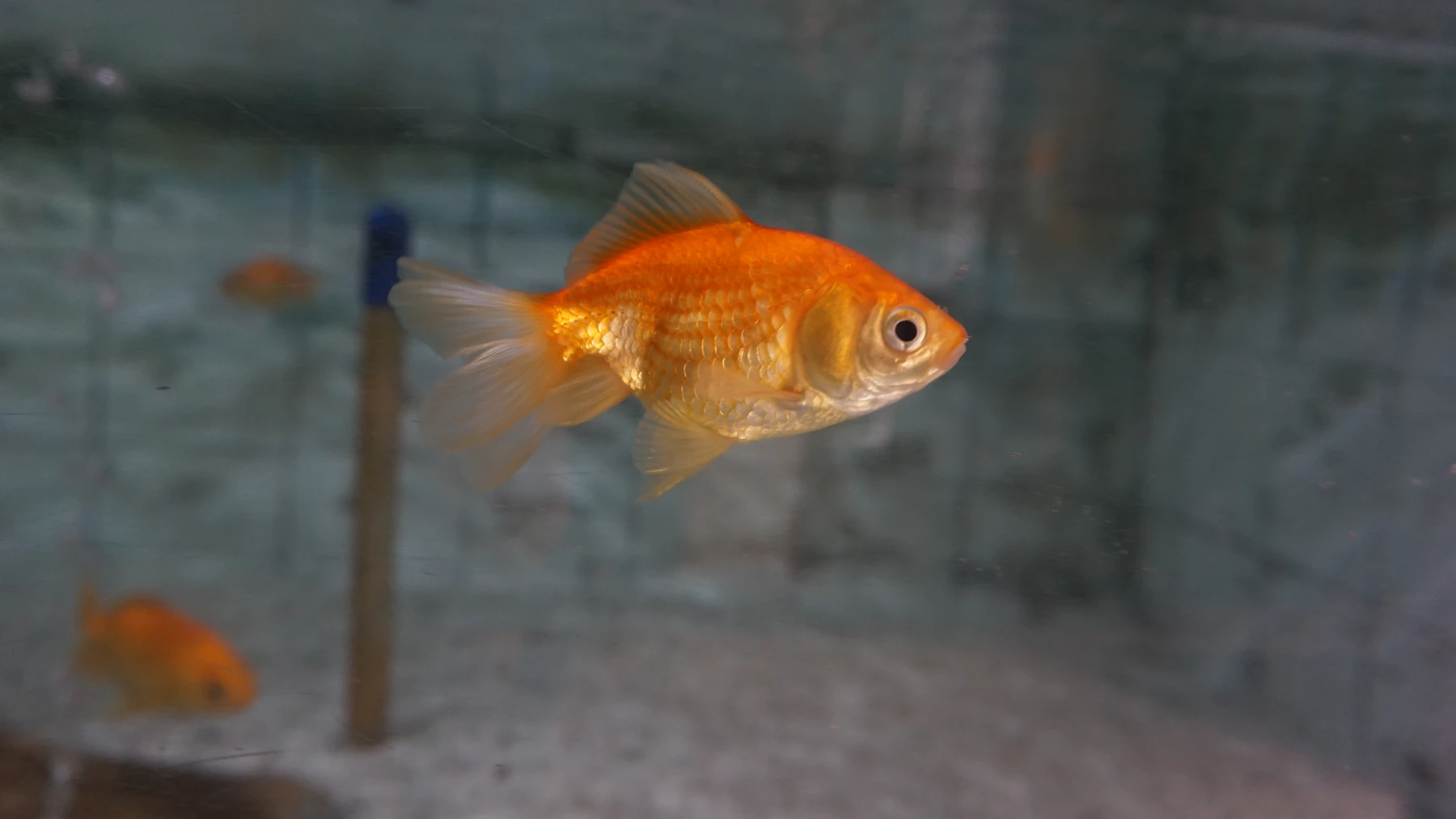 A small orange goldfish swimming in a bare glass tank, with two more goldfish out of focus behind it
==
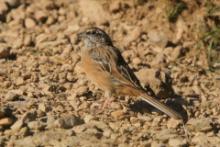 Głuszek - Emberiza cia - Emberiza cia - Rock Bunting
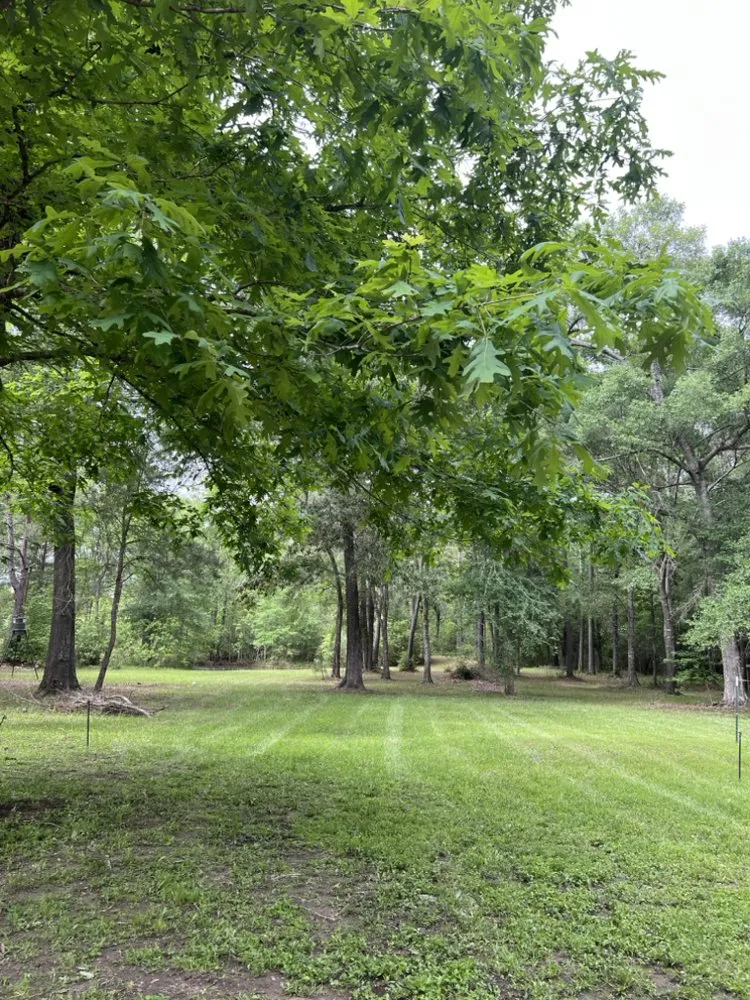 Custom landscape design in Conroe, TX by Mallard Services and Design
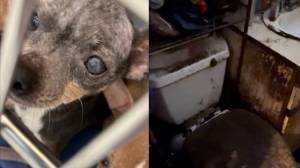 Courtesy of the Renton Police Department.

◆ ACTIVITY ◆
In the records above, find the line with "Głuszek - Emberiza". Print exactly from there through the line with "Courtesy of the Renton Police Department.", minus the pictures.

◆ EXERCISE SOLUTION ◆
 Głuszek - Emberiza cia - Emberiza cia - Rock Bunting
 Custom landscape design in Conroe, TX by Mallard Services and Design
 Courtesy of the Renton Police Department.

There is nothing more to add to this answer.